Affluent describes me. I am affluent. My family is affluent. My children live in an affluent household. We will make less than $30,000 this year. To most people, this would not be considered affluent. We are frugal, we live simply, and this is more than enough for us. I consider us affluent because we have so many luxuries, and opportunites, that many others do not have. I sit at one of 2 computers. I drive one of 2 cars. My children all have their own beds to sleep in. We can turn on the water and electricity whenever we want. So many, many people do not live like this.


But I think affluence comes with responsibility. We as Americans have bought into the notion of self sufficiency to the point that we have neglected community. Many of us don't even know our neighbor's names. We have traded our front porches for backyard pools, and lawns that require riding lawn mowers! This anonymity among people of our own communities gives us an artificial distance, and helped insulate us from worrying about anybody's sufferings other than our own.
I just wrote about the plight in Appalachia, and I think it serves to illustrate my point in this case as well. The central Appalachian counties are amont the poorest in the nation, despite being promised fortune and good jobs from the coal companies. We affluent people use the coal to power our homes that has been raped from their land. Homes near mountaintop removal sites often decrease by as much as 90%. These homes and land are often the only assets these folks have, and have been part of their heritage for generations. Our actions as affluent consumers effect the poorest communities the most. We have a duty to stand up for the poorest of our citizens whose voices are not making out of the mountains.
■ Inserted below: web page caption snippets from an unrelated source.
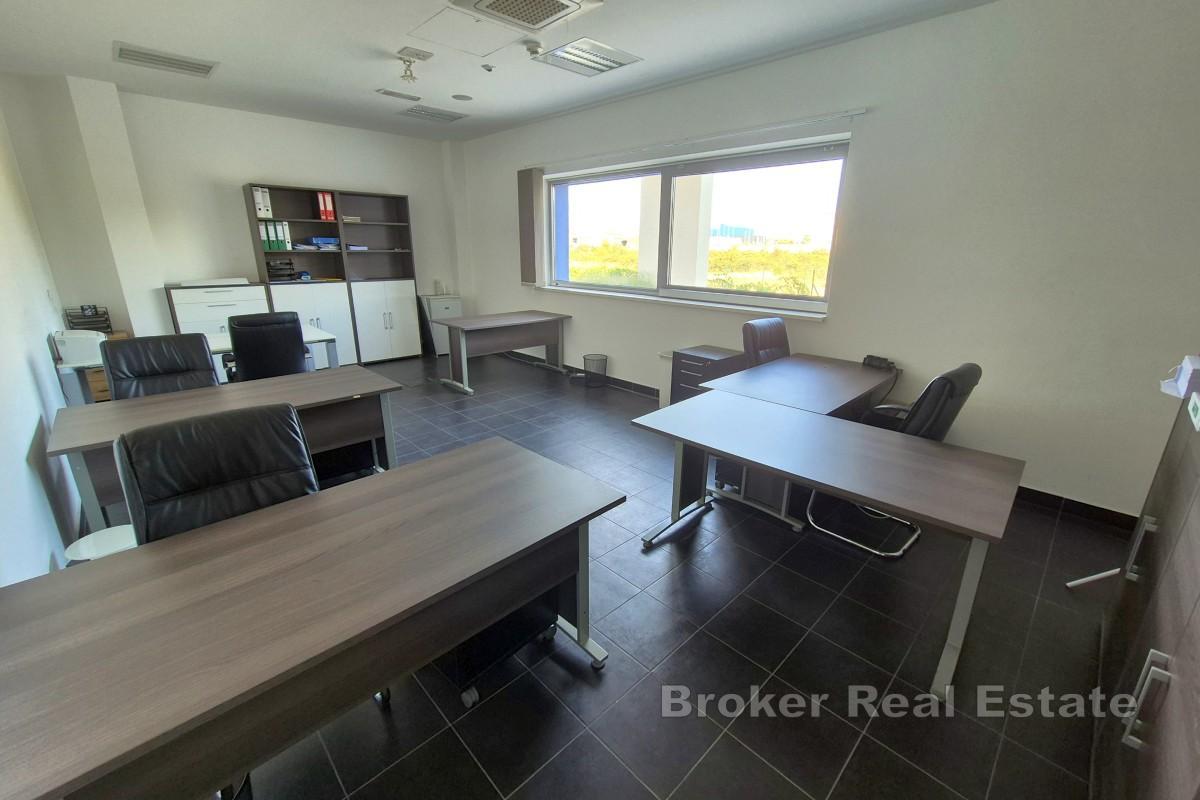 Hala produkcyjno-magazynowa położona w strefie przemysłowej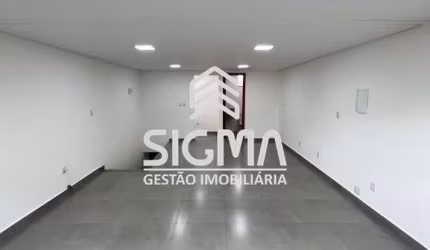 Sala comercial com 1 sala para alugar na Rua Silva Jardim, 44, Centro, Macaé por R$ 1.700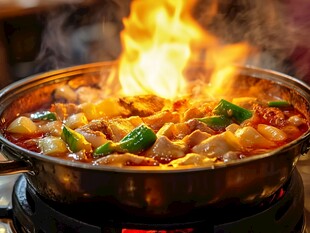 火焰锅中的美味佳肴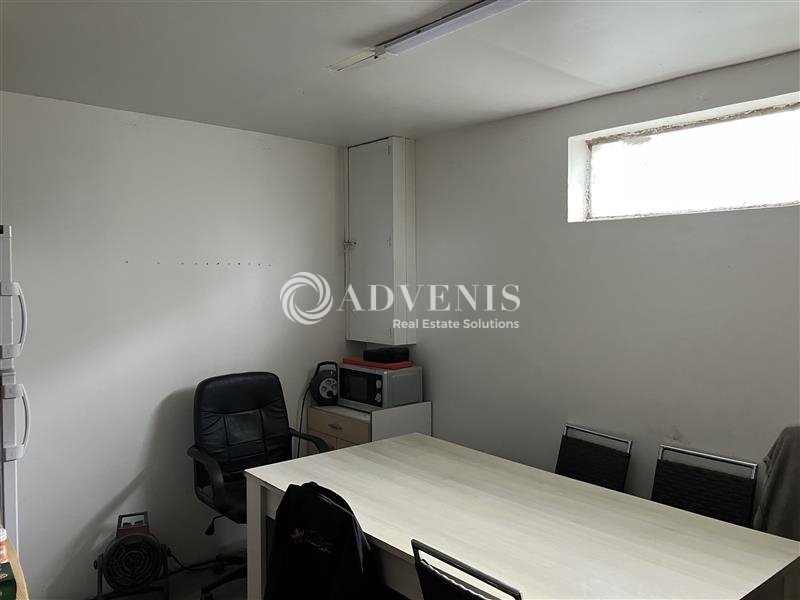 Vente Investisseur Activités Entrepôts SAINT GERMAIN DU PUY (18390) - Photo 3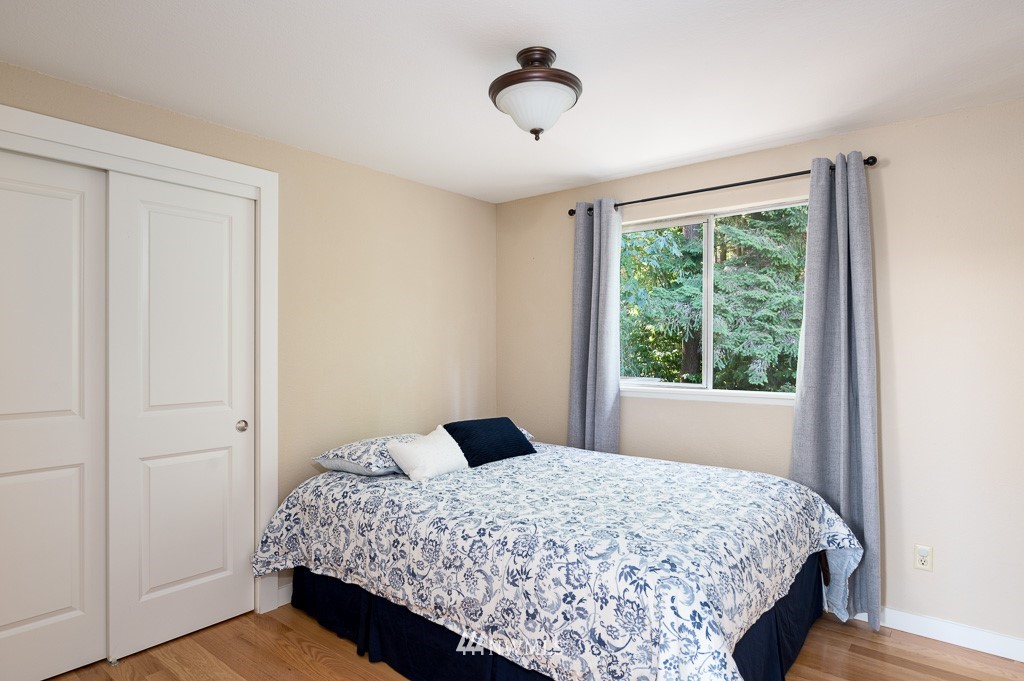 318 228th Street Southeast Bothell, WA 98021 - Photo 17 of 28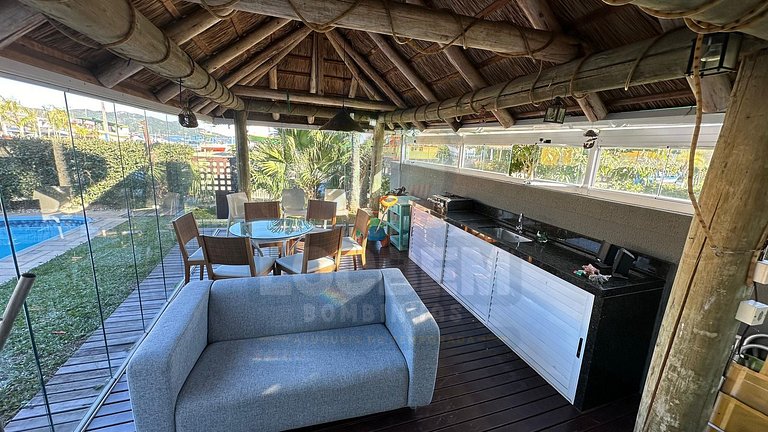 Seu paraíso em Zimbros: Casa a 30 passos da praia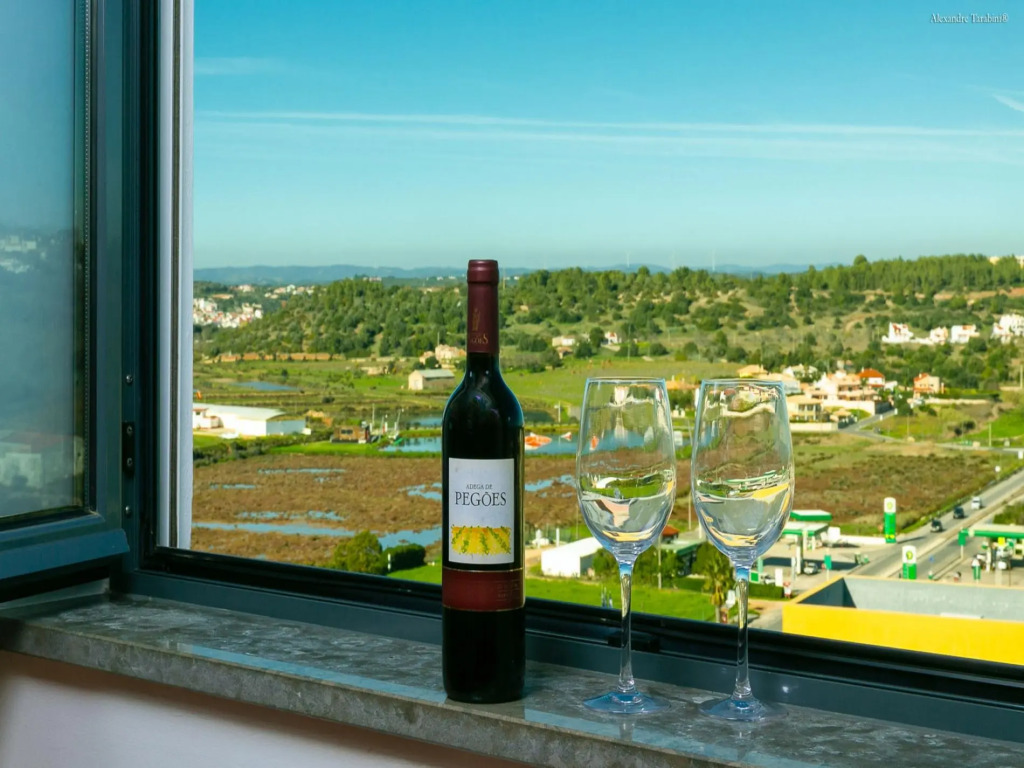 A22 - Mountain View & Seabreeze Apartment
We are implicated in their plight when we flip on our lights. We must demand action, demand alternatives, and rally to the cause of those who cannot.




One of the biggest reasons I decided to go green was not for myself, but for the implications my actions had on those with less power than I. Fisherman who lose their livelihoods because of dead zones in our oceans. Children who suffer from allergies and asthma at unprecedented rates due to toxic chemicals in our homes. People starving in third world countries because of the increasing food prices. Families affected by the dirty practices of coal companies. I don't know about you, but I can't make a decision without thinking about these things first. I am not alone in this world, and my decisions are the only thing I can control. It's a powerful thing to be able to make a choice that collectively can force change.

4 comments:

Maggie Hess said...

Can I link your blog to mine? Maggie

Lindsay said...

You preach it mama- Lindsay

Donna said...

I'm "going green" for largely the same reasons as you are. I don't think it's fair to live at the expense of others -- we have enough money to be selfish, but we also have enough money to have the responsibility not to be selfish. Thanks for a great post.

Green Bean said...

Man, I thought I'd left a comment earlier. Wonderful post. We cannot live at the expense of others - other people, other species, other places.